Greater political cohesion between KRG and the central government in Baghdad remains critical, particularly in the run up to the Mosul offensive. Sectarian strife will threaten joint coordination between the Shia-led Baghdad government, Sunni communities and the Kurds.  This is still a challenge.  Recently, Iraqi Kurdish President Masoud Barzani has said Iraqi and sometimes Iranian backed Shia Militia are not allowed in KRG after clashes occurred between the Kurds and Hashid al-Shaabi militias in Tuz Khurmatu- a disputed area between Baghdad and KRG located in Saladine Province.

 

This will only complicate operational coordination for the Iraqi Security Forces only if they attempt to work with the Shia militia for the Mosul counter-offensive. The situation is already very complicated. Iraqi PM Abadi promised that the Shia militias will not take part in the Mosul offensive but he must make sure that his subordinates are committed to his decision.

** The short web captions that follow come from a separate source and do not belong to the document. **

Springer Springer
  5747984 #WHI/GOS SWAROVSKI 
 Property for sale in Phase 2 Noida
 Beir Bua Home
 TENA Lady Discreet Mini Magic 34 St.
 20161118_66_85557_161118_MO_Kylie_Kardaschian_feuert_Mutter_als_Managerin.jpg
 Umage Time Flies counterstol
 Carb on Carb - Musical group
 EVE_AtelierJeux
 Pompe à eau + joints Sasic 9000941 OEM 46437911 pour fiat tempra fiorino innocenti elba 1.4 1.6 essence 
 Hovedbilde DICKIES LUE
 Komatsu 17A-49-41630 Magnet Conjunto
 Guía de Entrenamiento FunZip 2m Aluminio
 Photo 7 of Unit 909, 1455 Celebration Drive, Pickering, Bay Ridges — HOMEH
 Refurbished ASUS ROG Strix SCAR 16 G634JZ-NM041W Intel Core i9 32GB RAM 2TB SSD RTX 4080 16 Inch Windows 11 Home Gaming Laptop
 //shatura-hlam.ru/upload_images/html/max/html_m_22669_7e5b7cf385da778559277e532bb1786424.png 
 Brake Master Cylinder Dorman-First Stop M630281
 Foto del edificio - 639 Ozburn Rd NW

Evidently, Baghdad is struggling to remove leadership within the militias that are not committed in addressing sectarian strife.  Since August, PM Abadi has began to implement his political reforms, which were praised by the international community. These reforms are aimed at addressing the kind of problems that allowed the ISIS take-over in 2014, particularly through removing corrupt leaders and unravelling an often sectarian based patronage system. This process, though, remains fraught with difficulties, not least due to the refusal of the majority of MPs to agree the reform programme.  .

 

The belief that Daesh is insuperable is exaggerated.  The Paris attacks inflicted more global fear but the victory in Sinjar symbolizes that they are losing strength on the homefront. The cunter ISIS coalition continues to recapture ISIS areas but must be able to secure these victories, provide services and achieve political stability.  As Daesh continue to lose terrority, they will pursue desperate measures to show that they are still strong by intensifying asymmetric tactics in the west. However, the international community should not fall for the hype.  Globally, both policy and media skeptics need to understand that Daesh wins when they continue to convince people worldwide that they are winning in Iraq and Syria and persistently generating fear mongering towards Syrian and Iraqi refugees.